Voice talent, the problems with selection for speech dialogue systems: laypersons or professionals?

The voice is the figurehead of an IVR. The “Hear & Feel” is what is perceived by the caller, and not the technology behind it. Often, the most reliable and high-quality software and hardware is purchased in order to operate a system that has scrimped on the speaker. But the voice should also exude high quality and reliability. Nobody would buy a new BMW and say to the manufacturer: “You don’t need to paint the body, I have a friend who is a painter, and my friend is good at sewing, she can do the upholstery for the interior. The main thing is that the engine is good.”

With an untrained ear, one may not necessarily ‘hear’ or understand the value of a professional voice immediately, but everyone feels it; language works very directly.

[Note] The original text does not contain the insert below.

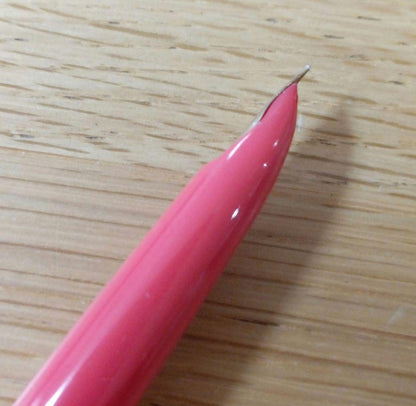 Pilot fountain pen with short fine 14K gold nib and gold beige and cherry red body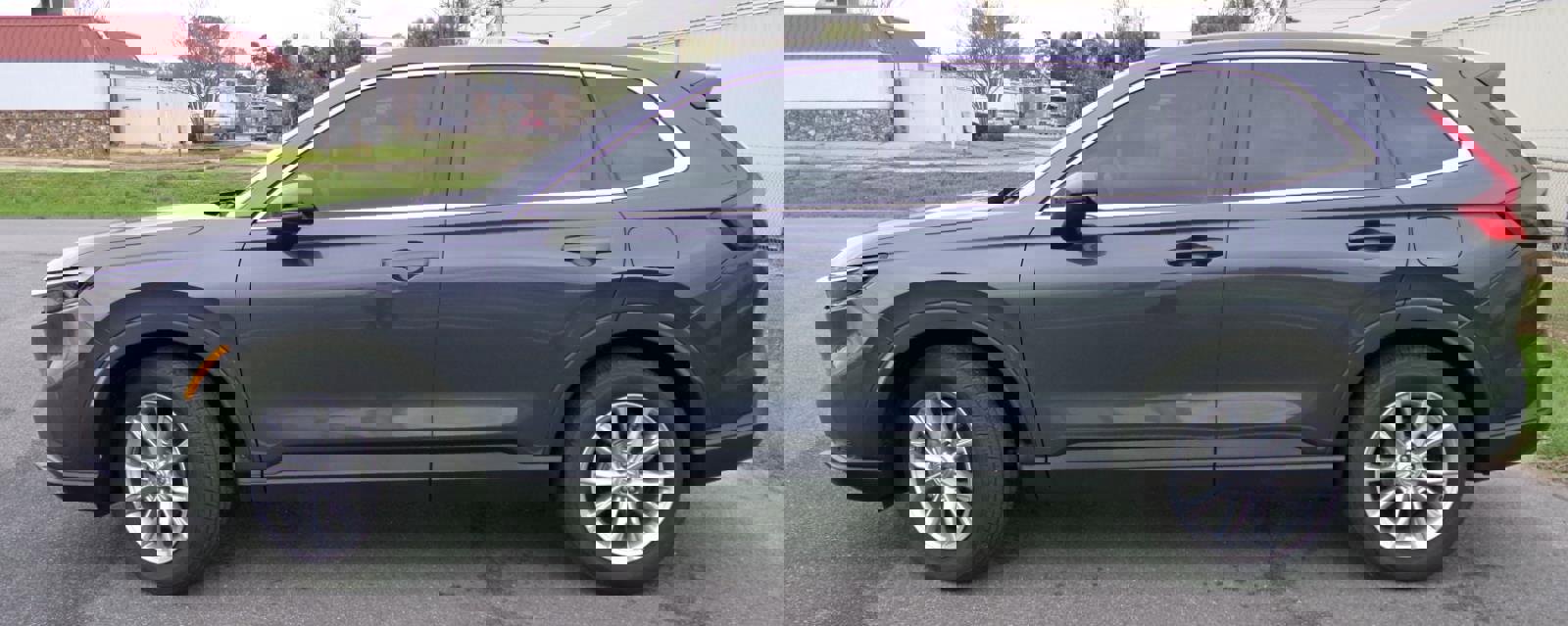 Used 2024 Honda CR-V EX-L image 2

A ‘cheap’ and unprofessional voice portal that emanates a certain do-it-yourself charm is not necessarily what operators seek, but frequently, this is exactly what is presented to the customer.

A common misconception is that opting for a layperson over a professional speaker will reduce costs. Additionally, there is often the belief that a layperson will have better availability for working, and this is a significant contributor in the decision not to choose a professional speaker. This is especially true if said layperson is an internal employee.

The selection criteria that is then applied in the search for a suitable voice are typically the following: they have a ‘good voice’, and their day job involves a lot of speaking, e.g., in a call centre.

However, the findings are:

  • A layperson or untrained is more expensive than professionals.
  • The availability of lay people is undeterminable and often difficult to manage.
  • A ‘good voice’ is not a quality criterion, nor is it objective, but more a matter of opinion.
  • A call centre or any other employee is not a professional speaker, but a customer advisor.

These points will be explored in more detail below.


Costs / Expenses

Even if the layperson does not ask for a fee, the process still costs more. The studio time when recording with laypeople is considerably longer. In our experience, you need at least three times longer in the studio than you would do with a professional speaker. (Note: a studio hour costs between 70 and 120 euros per hour, plus the working hours for the voice coaches). There are many reasons why a professional is faster. Firstly, a professional will usually read a text with minimal errors, whereas the layperson will typically need several attempts before the actual recording can be started. A professional does not need extensive instructions on how to intonate and pronounce a text. Their voice is also more resilient and requires fewer pauses.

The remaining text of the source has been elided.